What Even Is a Combo?

In gaming, a combo is when you chain multiple actions together in quick succession and get a reward that's greater than doing each action separately. Street Fighter invented the term in its modern sense, probably. But the mechanic is everywhere now - card games, rhythm games, endless runners, swipe games.

The point isn't just the bonus. It's that the bonus is disproportionate. Chain three things and you don't get 3x the reward - you get 6x, or 10x, or something that makes you feel briefly like a genius.

That disproportionality is doing a lot of work psychologically.

The Brain Likes Patterns More Than Rewards

Here's the thing: if you offered someone a flat score of 500 points, or the chance to earn 500 points through a tricky combo, most people find the combo more satisfying - even if the outcome is identical. The act of constructing the sequence matters.

There's something in how our brains respond to recognised patterns. Spotting an opportunity and executing on it feels different from passively receiving a reward. It activates something that feels more like skill than luck. And we're very motivated by feeling skilled.

Tangentially: I think this is why people get so into spreadsheets. Not the data - the elegant formula that makes the data behave. Anyway.

Speed Changes Everything

Combos only really sing under time pressure. Do them slowly and they lose their charge. It's the speed of execution - the rapid chaining - that creates the feeling of flow.

This is why time pressure in game design is such a powerful tool. It doesn't just make things harder. It transforms what a combo is. A leisurely sequence of correct moves isn't a combo. A frantic one is.

Speed also introduces error. And that error risk is what makes the payoff feel earned rather than handed over.

How Swipeloot Uses This

I built Swipeloot partly with this mechanic in mind. Items float across the screen during 60-second rounds, and the obvious approach is to swipe each treasure individually as it appears. Fine. Functional. A bit boring.

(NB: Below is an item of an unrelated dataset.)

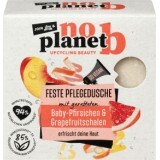 No Planet B Cremă de duș solidă cu piersică si grapefruit, 80 g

But if you keep your finger moving in one continuous arc through multiple treasures, the scoring multiplies: the second item is worth double, the third triple, and so on. It's a simple system, but the behaviour it produces is genuinely interesting to watch.

Players start out tapping frantically. Then they slow down - just slightly - to position for longer swipes. Then they start reading the screen differently, tracking spawn patterns, setting up chains before the items even arrive.

Look, I didn't invent this mechanic. But I think it works particularly well on a touchscreen, where the physical gesture of drawing a line through multiple objects has a satisfying physicality that clicking never quite achieves.

The Risk That Makes It Worth It

Of course, traps exist. And in Swipeloot, some of them look almost identical to treasures - particularly in later rounds when items are spawning faster and your health is draining. Swipe through a skull thinking it's a pearl and your combo turns against you.

That's the tension that makes combo mechanics feel like something rather than nothing. If every item were safe to swipe, the chain would be pure reward with no decision-making. Boring. The traps mean every combo is a small gamble - which is exactly why fake-outs work so well on us.

I've got about forty browser tabs open right now covering various game balance topics, and one of them is specifically about trap deceptiveness ratings. The short version: a trap that's too obvious gets ignored. A trap that's too sneaky feels unfair. The sweet spot is a trap that you feel responsible for falling for. That's the one that keeps you playing.

Combos and traps are two sides of the same design coin. The combo makes you feel clever. The trap makes you feel accountable. Together, they create a game that feels like it's responding to you rather than just running on a timer.

Which, when you think about it, is a lot more satisfying than loading the dishwasher.